• [Given information]:
-- Opening Marker --
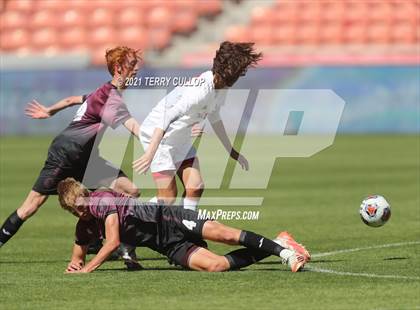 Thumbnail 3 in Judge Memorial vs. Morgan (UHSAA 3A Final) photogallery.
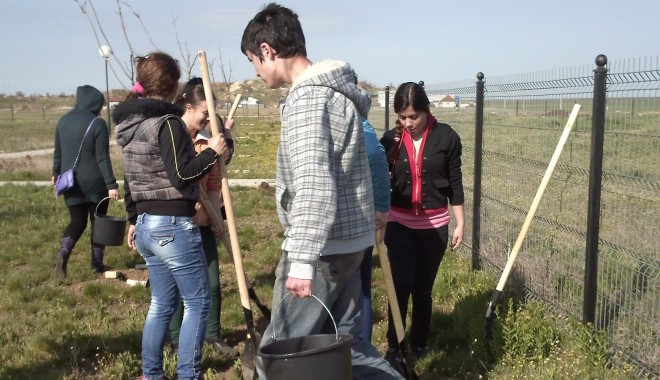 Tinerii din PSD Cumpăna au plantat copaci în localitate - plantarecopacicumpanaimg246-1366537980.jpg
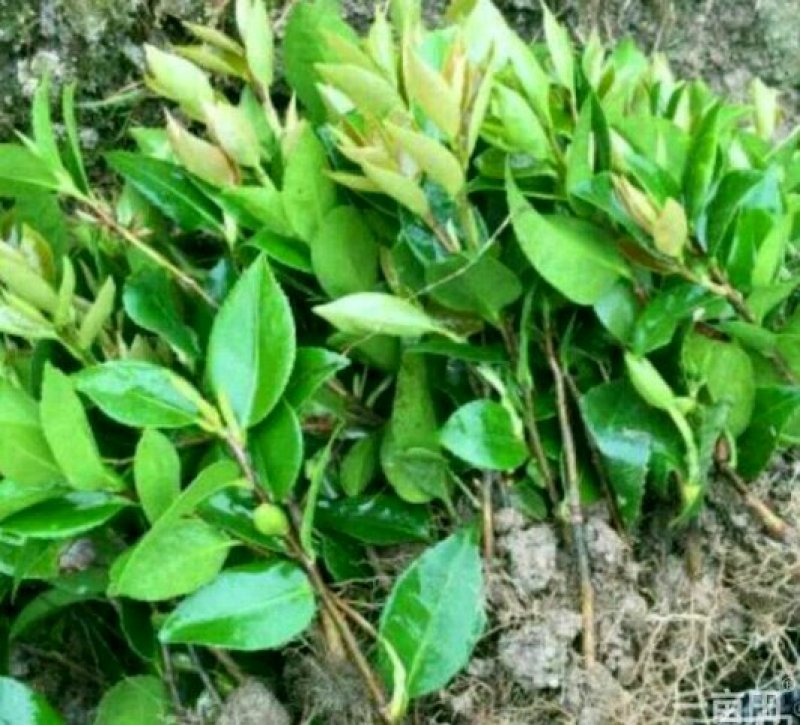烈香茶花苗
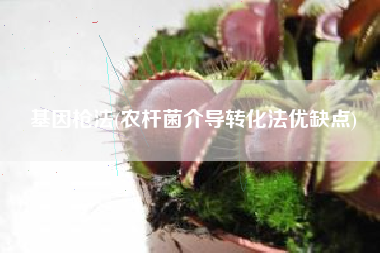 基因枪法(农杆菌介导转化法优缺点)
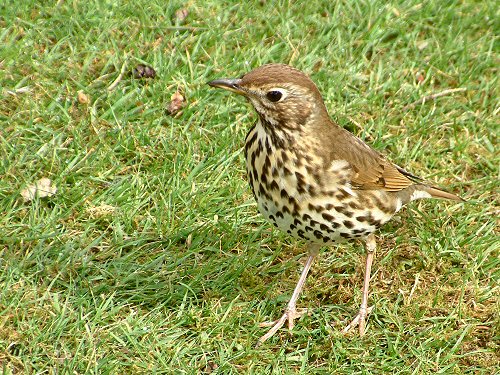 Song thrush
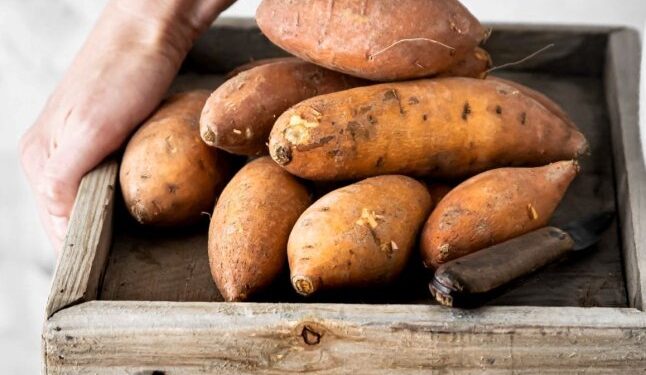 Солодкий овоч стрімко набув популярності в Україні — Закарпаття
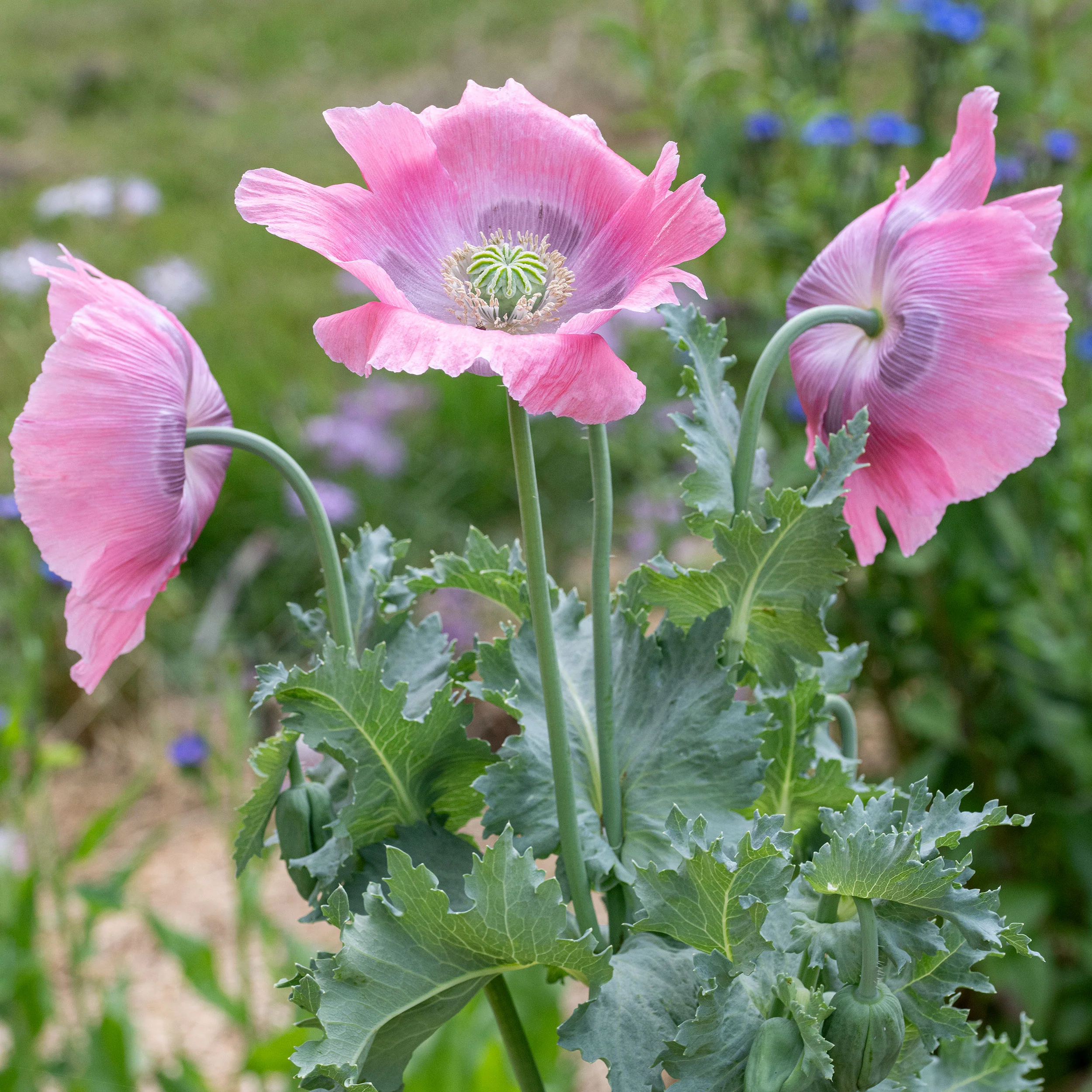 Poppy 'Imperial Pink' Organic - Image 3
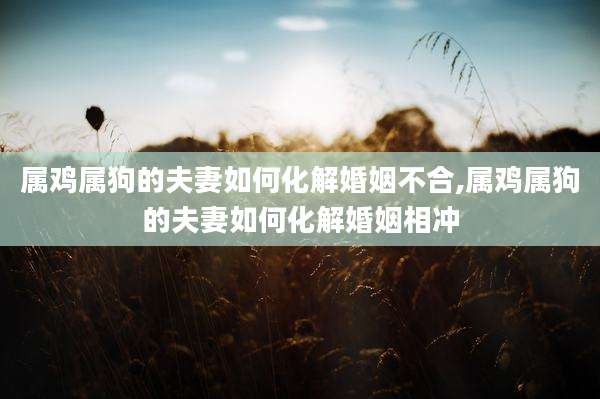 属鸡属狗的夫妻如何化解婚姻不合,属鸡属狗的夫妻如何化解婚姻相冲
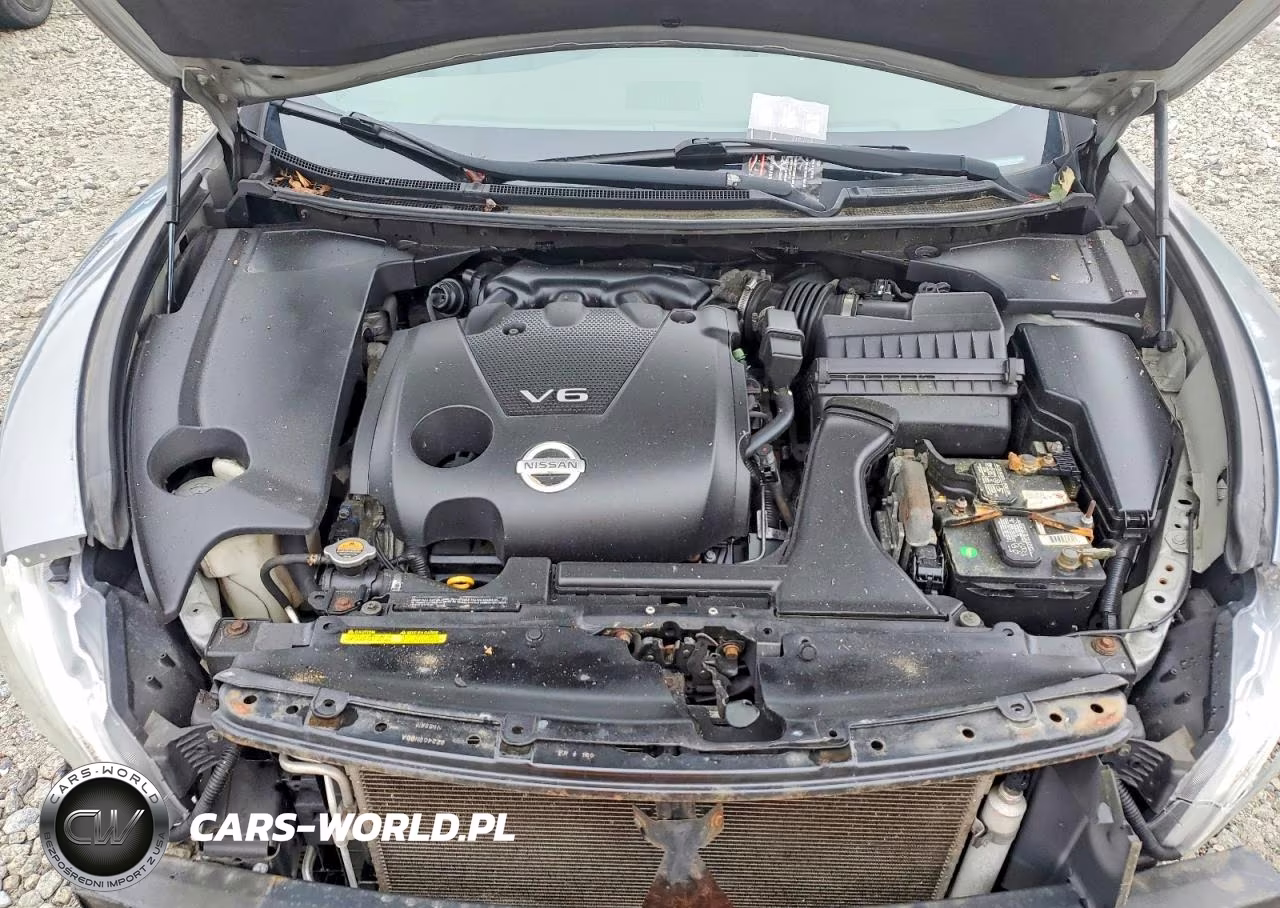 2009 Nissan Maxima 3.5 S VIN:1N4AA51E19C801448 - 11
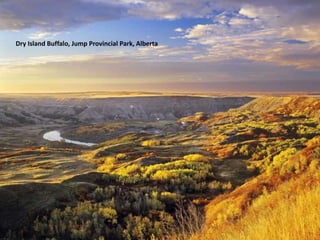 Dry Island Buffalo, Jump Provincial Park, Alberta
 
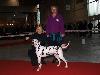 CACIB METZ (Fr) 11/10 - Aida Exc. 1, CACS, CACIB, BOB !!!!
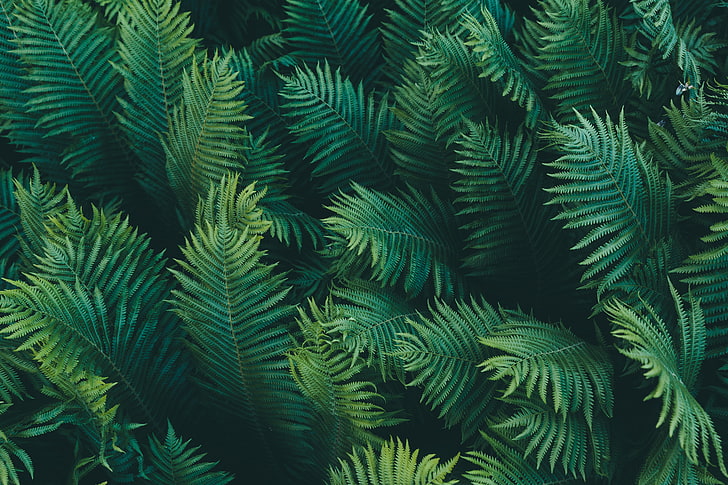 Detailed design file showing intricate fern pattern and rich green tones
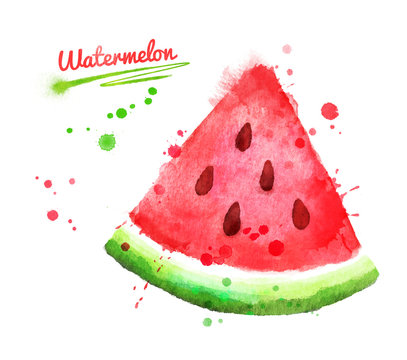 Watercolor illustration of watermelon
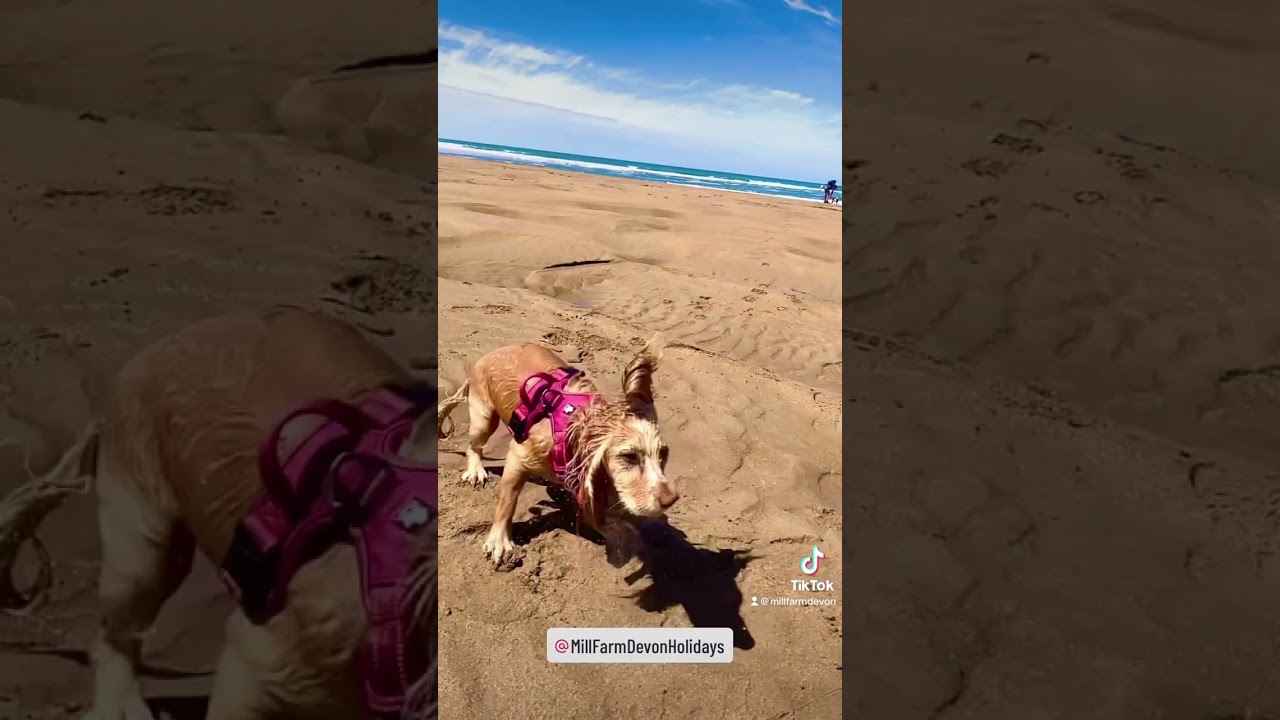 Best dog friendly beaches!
-- Closing Marker --
• [Problem to work on]:
Copy the listing exactly. No images belong in the copy.

• [Answer space]:
 Thumbnail 3 in Judge Memorial vs. Morgan (UHSAA 3A Final) photogallery.
 Tinerii din PSD Cumpăna au plantat copaci în localitate - plantarecopacicumpanaimg246-1366537980.jpg
烈香茶花苗
 基因枪法(农杆菌介导转化法优缺点)
 Song thrush
 Солодкий овоч стрімко набув популярності в Україні — Закарпаття
 Poppy 'Imperial Pink' Organic - Image 3
 属鸡属狗的夫妻如何化解婚姻不合,属鸡属狗的夫妻如何化解婚姻相冲
 2009 Nissan Maxima 3.5 S VIN:1N4AA51E19C801448 - 11
 Dry Island Buffalo, Jump Provincial Park, Alberta
 
 CACIB METZ (Fr) 11/10 - Aida Exc. 1, CACS, CACIB, BOB !!!!
 Detailed design file showing intricate fern pattern and rich green tones
 Watercolor illustration of watermelon
 Best dog friendly beaches!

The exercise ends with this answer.